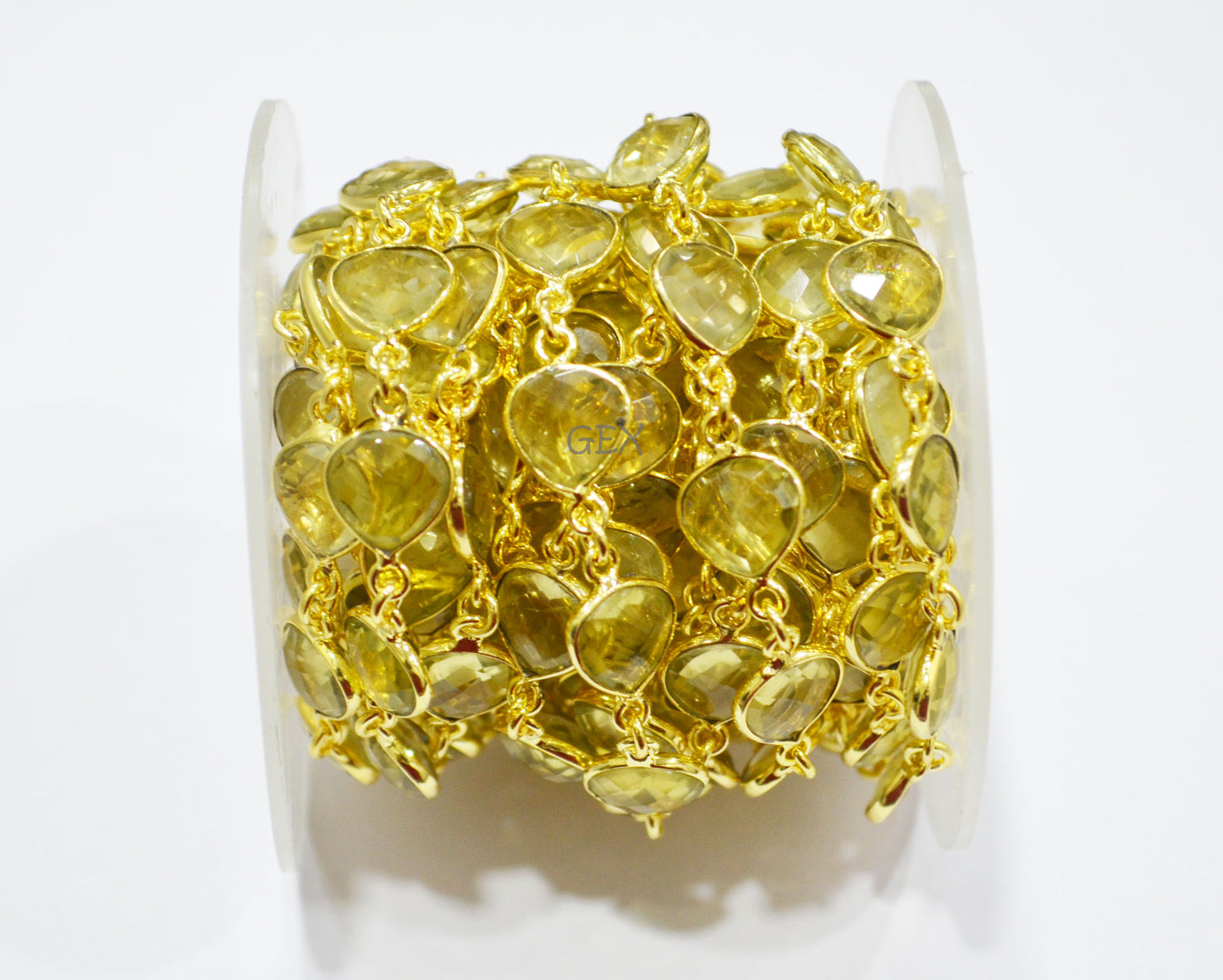 Natural Lemon Quartz Faceted Heart Shape Connector Chain , 11 mm , RB-7244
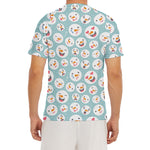 Snowman Emoji Pattern Print Men's Short Sleeve Rash Guard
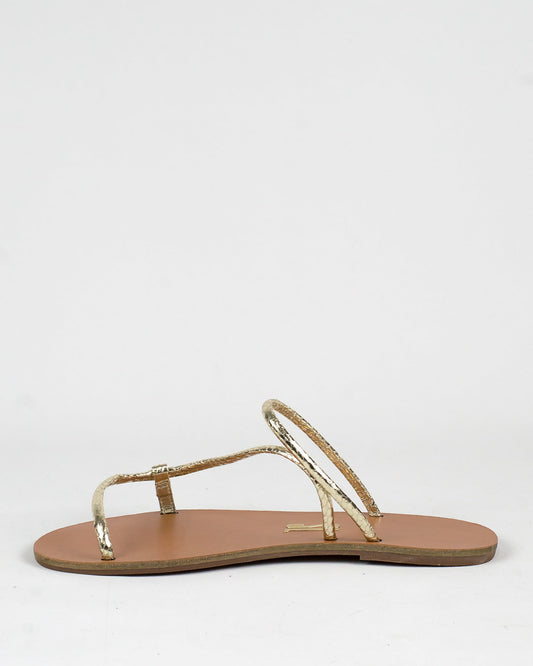 Rasteira Santa Lolla Dourada Metalizada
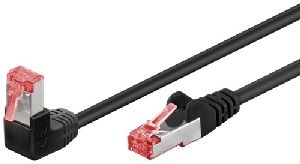 Goobay 51541 CAT 6 Patchkabel 1x 90° gewinkelt, S/FTP (PiMF), schwarz, 0,25 m VPE Bulk Mindestbestellmenge 1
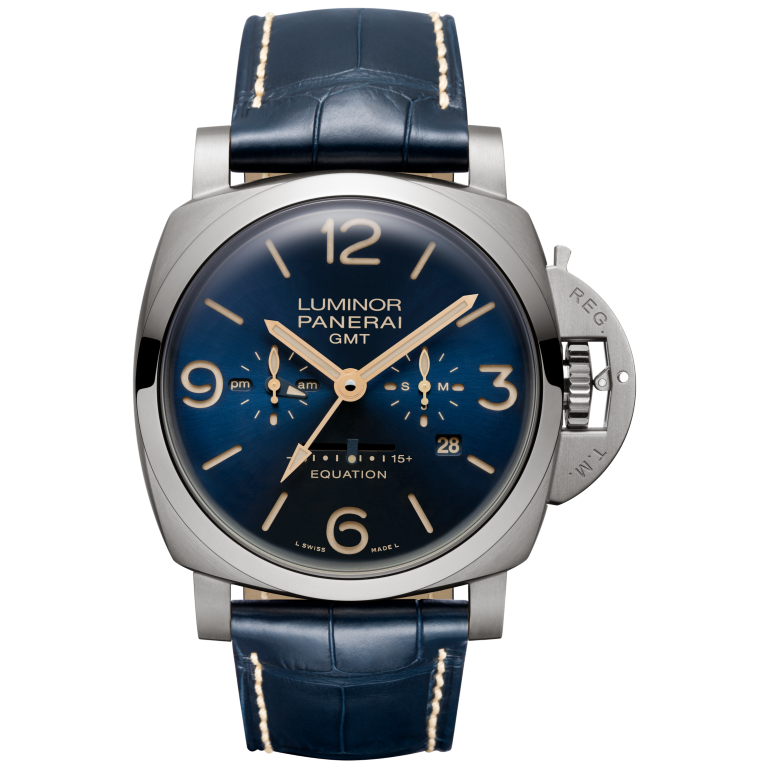 Panerai Luminor Equation of Time GMT Titanio 47 mm Blue Dial Brushed Titanium   Dark Blue Leather Strap PAM00670 - WATCHXNYC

###

ABOUT THIS TASK:
Please copy the data shown above, line by line and exactly, omitting the images.

RESULT FOR THIS EXERCISE:
 Natural Lemon Quartz Faceted Heart Shape Connector Chain , 11 mm , RB-7244
 Snowman Emoji Pattern Print Men's Short Sleeve Rash Guard
 Rasteira Santa Lolla Dourada Metalizada
 Goobay 51541 CAT 6 Patchkabel 1x 90° gewinkelt, S/FTP (PiMF), schwarz, 0,25 m VPE Bulk Mindestbestellmenge 1
 Panerai Luminor Equation of Time GMT Titanio 47 mm Blue Dial Brushed Titanium   Dark Blue Leather Strap PAM00670 - WATCHXNYC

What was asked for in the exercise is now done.